I know the bottom, she says. I know it with my great tap root:
It is what you fear.
I do not fear it: I have been there.

Is it the sea you hear in me,
Its dissatisfactions?
Or the voice of nothing, that was you madness?

Love is a shadow.
How you lie and cry after it.
Listen: these are its hooves: it has gone off, like a horse.

All night I shall gallop thus, impetuously,
Till your head is a stone, your pillow a little turf,
Echoing, echoing.

Or shall I bring you the sound of poisons?
This is rain now, the big hush.
And this is the fruit of it: tin-white, like arsenic.

I have suffered the atrocity of sunsets.
Scorched to the root
My red filaments burn and stand, a hand of wires.

Now I break up in pieces that fly about like clubs.
A wind of such violence
Will tolerate no bystanding: I must shriek.

The moon, also, is merciless: she would drag me
Cruelly, being barren.
Her radiance scathes me. Or perhaps I have caught her.

I let her go. I let her go
Diminished and flat, as after radical surgery.
How your bad dreams possess and endow me.

I am inhabited by a cry.
Nightly it flaps out
Looking, with its hooks, for something to love.

I am terrified by this dark thing
That sleeps in me;
All day I feel its soft, feathery turnings, its malignity.

Clouds pass and disperse.
Are those the faces of love, those pale irretrievables?
Is it for such I agitate my heart?

I am incapable of more knowledge.
What is this, this face
So murderous in its strangle of branches?_

Its snaky acids hiss.
It petrifies the will.

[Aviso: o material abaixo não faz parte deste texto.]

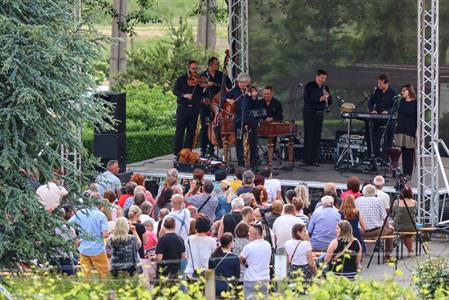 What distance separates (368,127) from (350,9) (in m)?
3.28

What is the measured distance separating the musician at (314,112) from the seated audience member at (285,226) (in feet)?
25.7

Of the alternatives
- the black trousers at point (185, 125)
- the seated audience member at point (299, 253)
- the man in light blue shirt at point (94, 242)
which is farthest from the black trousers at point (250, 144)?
the seated audience member at point (299, 253)

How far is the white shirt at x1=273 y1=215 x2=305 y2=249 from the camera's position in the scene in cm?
1761

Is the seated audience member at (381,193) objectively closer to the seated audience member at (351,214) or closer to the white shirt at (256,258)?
the seated audience member at (351,214)

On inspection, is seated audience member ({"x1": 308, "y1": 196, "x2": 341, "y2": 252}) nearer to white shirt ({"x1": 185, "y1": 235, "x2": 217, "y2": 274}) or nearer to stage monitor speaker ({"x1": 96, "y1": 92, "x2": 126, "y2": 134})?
white shirt ({"x1": 185, "y1": 235, "x2": 217, "y2": 274})

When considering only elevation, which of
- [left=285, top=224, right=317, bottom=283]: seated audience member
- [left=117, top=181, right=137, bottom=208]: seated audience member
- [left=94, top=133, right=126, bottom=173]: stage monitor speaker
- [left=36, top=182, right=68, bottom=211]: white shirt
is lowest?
[left=285, top=224, right=317, bottom=283]: seated audience member

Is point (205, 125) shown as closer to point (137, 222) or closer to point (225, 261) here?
point (137, 222)

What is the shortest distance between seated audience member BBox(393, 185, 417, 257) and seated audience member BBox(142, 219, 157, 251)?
4.02 metres

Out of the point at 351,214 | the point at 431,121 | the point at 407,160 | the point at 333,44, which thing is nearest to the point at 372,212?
the point at 351,214

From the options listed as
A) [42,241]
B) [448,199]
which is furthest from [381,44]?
[42,241]

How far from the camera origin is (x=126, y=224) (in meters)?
16.1

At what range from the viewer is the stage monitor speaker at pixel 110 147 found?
81.7 ft

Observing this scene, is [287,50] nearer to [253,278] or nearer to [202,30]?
[253,278]

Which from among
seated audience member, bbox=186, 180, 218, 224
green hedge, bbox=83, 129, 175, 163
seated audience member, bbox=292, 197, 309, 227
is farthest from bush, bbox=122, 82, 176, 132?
seated audience member, bbox=292, 197, 309, 227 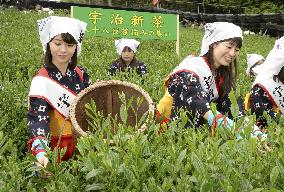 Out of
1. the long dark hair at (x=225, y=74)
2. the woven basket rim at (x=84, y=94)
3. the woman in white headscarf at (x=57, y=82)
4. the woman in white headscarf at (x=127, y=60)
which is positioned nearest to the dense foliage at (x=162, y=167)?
the woven basket rim at (x=84, y=94)

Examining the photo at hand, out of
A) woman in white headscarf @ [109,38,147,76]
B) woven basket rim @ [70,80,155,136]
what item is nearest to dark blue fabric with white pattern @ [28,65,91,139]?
woven basket rim @ [70,80,155,136]

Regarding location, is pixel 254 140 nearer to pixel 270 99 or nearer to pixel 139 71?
pixel 270 99

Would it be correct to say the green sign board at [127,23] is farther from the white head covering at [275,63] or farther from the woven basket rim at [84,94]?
the woven basket rim at [84,94]

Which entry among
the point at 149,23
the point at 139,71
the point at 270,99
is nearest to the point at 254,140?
the point at 270,99

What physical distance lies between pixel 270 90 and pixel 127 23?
7.62 metres

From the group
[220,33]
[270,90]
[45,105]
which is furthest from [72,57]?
[270,90]

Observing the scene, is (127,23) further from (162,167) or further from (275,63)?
(162,167)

These are the isolate, slow faults
That kill, that kill, that kill.

Olmo
Para Ruth Fainlight

Conheço o fundo, diz ela. Conheço-o com minha raiz mestra:
É o que temes.
Não o temo: eu estive lá.

É o mar que ouves em mim,
Suas insatisfações?
Ou a voz do nada, era essa tua loucura?

O amor é uma sombra.
Como mentes e choras em seu encalço
Escuta: são seus cascos: disparou, como cavalo.

Toda a noite devo assim galopar
Até fazer de tua cabeça rocha, de teu travesseiro gramado,
Ecoando, ecoando.

Ou devo te trazer o som dos venenos?
Agora é chuva, este grande silêncio
E seu fruto: branco-metálico, como arsênico.

Sofri a atrocidade dos poentes.
Escorchada até a raiz.
Meus fios rubros queimam e eriçam, mão de arame.

Agora me desfaço em pedaços que voam como tacos.
Vento assim violento
Não tolerará nada ao redor: preciso gritar.

A lua, também, é impiedosa: ela me arrastaria
Cruelmente, já que é estéril.
Sua radiância me corrói. Ou quem sabe a peguei.

Deixo que se vá. Deixo que se vá.
Diminuída e chata, como após cirurgia radical.
Como seus pesadelos me possuem e me dotam.

Sou habitada por um grito.
Quando é noite ele se agita
Procurando, com suas garras, por algo para amar.

Tenho pavor dessa coisa escura
Que dorme em mim;
Todo o dia sinto seu retorcer emplumado, sua índole ruim.

Nuvens passam e se dispersam.
São essas as faces do amor, pálidas irremediáveis?
É por tanto que agito meu coração?

Sou incapaz de saber mais.
O que é isto, esta face
Tão criminosa em seu sufocar de galhos?

Teus ácidos ofídicos silvam.
Petrificam a vontade. São essas falhas lentas, isoladas
Que matam, matam, matam.

Sylvia Plath

Tradução: Marina Della Valle

Escrito por Virna Teixeira, na categoria traduções | Comentaram (2)

26. 02. 2007
às 09:13horas.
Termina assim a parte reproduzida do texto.